### EXCERPTED DATA

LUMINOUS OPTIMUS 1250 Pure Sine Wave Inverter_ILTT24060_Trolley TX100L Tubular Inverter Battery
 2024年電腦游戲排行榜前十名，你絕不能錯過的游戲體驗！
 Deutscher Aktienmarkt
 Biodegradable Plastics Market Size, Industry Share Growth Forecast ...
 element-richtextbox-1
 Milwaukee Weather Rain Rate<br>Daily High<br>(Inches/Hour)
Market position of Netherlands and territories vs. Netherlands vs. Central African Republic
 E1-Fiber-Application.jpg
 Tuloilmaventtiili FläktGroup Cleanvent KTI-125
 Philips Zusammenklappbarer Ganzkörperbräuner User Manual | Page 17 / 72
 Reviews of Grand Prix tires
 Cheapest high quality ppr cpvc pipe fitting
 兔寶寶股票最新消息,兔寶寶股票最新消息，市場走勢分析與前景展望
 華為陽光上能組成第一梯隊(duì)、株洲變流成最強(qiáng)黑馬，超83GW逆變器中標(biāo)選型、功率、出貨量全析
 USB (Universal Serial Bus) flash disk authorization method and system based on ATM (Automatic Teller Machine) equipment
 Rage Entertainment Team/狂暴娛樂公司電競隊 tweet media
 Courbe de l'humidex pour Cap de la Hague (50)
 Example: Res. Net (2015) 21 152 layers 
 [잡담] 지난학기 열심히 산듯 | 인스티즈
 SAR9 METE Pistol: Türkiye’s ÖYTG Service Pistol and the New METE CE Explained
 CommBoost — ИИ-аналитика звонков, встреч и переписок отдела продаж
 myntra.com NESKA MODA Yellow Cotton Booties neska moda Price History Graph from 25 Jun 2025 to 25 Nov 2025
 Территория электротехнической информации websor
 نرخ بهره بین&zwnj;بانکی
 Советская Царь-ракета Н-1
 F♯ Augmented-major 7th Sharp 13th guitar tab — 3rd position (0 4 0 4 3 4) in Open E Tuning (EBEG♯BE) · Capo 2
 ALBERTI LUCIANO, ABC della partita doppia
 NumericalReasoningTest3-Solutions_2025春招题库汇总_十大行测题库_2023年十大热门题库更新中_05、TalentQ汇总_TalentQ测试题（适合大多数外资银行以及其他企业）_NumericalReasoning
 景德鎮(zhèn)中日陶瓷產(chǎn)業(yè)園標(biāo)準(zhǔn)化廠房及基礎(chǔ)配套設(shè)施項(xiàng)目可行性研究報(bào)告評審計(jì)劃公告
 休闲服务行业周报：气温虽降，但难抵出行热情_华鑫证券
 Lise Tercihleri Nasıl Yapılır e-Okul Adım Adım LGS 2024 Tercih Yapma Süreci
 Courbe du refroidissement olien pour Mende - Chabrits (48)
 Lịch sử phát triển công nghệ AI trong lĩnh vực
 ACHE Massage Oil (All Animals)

### EXERCISE DIRECTIONS
Print each entry exactly as it appears above.

### ANSWER FOR THIS EXERCISE
LUMINOUS OPTIMUS 1250 Pure Sine Wave Inverter_ILTT24060_Trolley TX100L Tubular Inverter Battery
 2024年電腦游戲排行榜前十名，你絕不能錯過的游戲體驗！
 Deutscher Aktienmarkt
 Biodegradable Plastics Market Size, Industry Share Growth Forecast ...
 element-richtextbox-1
 Milwaukee Weather Rain Rate<br>Daily High<br>(Inches/Hour)
Market position of Netherlands and territories vs. Netherlands vs. Central African Republic
 E1-Fiber-Application.jpg
 Tuloilmaventtiili FläktGroup Cleanvent KTI-125
 Philips Zusammenklappbarer Ganzkörperbräuner User Manual | Page 17 / 72
 Reviews of Grand Prix tires
 Cheapest high quality ppr cpvc pipe fitting
 兔寶寶股票最新消息,兔寶寶股票最新消息，市場走勢分析與前景展望
 華為陽光上能組成第一梯隊(duì)、株洲變流成最強(qiáng)黑馬，超83GW逆變器中標(biāo)選型、功率、出貨量全析
 USB (Universal Serial Bus) flash disk authorization method and system based on ATM (Automatic Teller Machine) equipment
 Rage Entertainment Team/狂暴娛樂公司電競隊 tweet media
 Courbe de l'humidex pour Cap de la Hague (50)
 Example: Res. Net (2015) 21 152 layers 
 [잡담] 지난학기 열심히 산듯 | 인스티즈
 SAR9 METE Pistol: Türkiye’s ÖYTG Service Pistol and the New METE CE Explained
 CommBoost — ИИ-аналитика звонков, встреч и переписок отдела продаж
 myntra.com NESKA MODA Yellow Cotton Booties neska moda Price History Graph from 25 Jun 2025 to 25 Nov 2025
 Территория электротехнической информации websor
 نرخ بهره بین&zwnj;بانکی
 Советская Царь-ракета Н-1
 F♯ Augmented-major 7th Sharp 13th guitar tab — 3rd position (0 4 0 4 3 4) in Open E Tuning (EBEG♯BE) · Capo 2
 ALBERTI LUCIANO, ABC della partita doppia
 NumericalReasoningTest3-Solutions_2025春招题库汇总_十大行测题库_2023年十大热门题库更新中_05、TalentQ汇总_TalentQ测试题（适合大多数外资银行以及其他企业）_NumericalReasoning
 景德鎮(zhèn)中日陶瓷產(chǎn)業(yè)園標(biāo)準(zhǔn)化廠房及基礎(chǔ)配套設(shè)施項(xiàng)目可行性研究報(bào)告評審計(jì)劃公告
 休闲服务行业周报：气温虽降，但难抵出行热情_华鑫证券
 Lise Tercihleri Nasıl Yapılır e-Okul Adım Adım LGS 2024 Tercih Yapma Süreci
 Courbe du refroidissement olien pour Mende - Chabrits (48)
 Lịch sử phát triển công nghệ AI trong lĩnh vực
 ACHE Massage Oil (All Animals)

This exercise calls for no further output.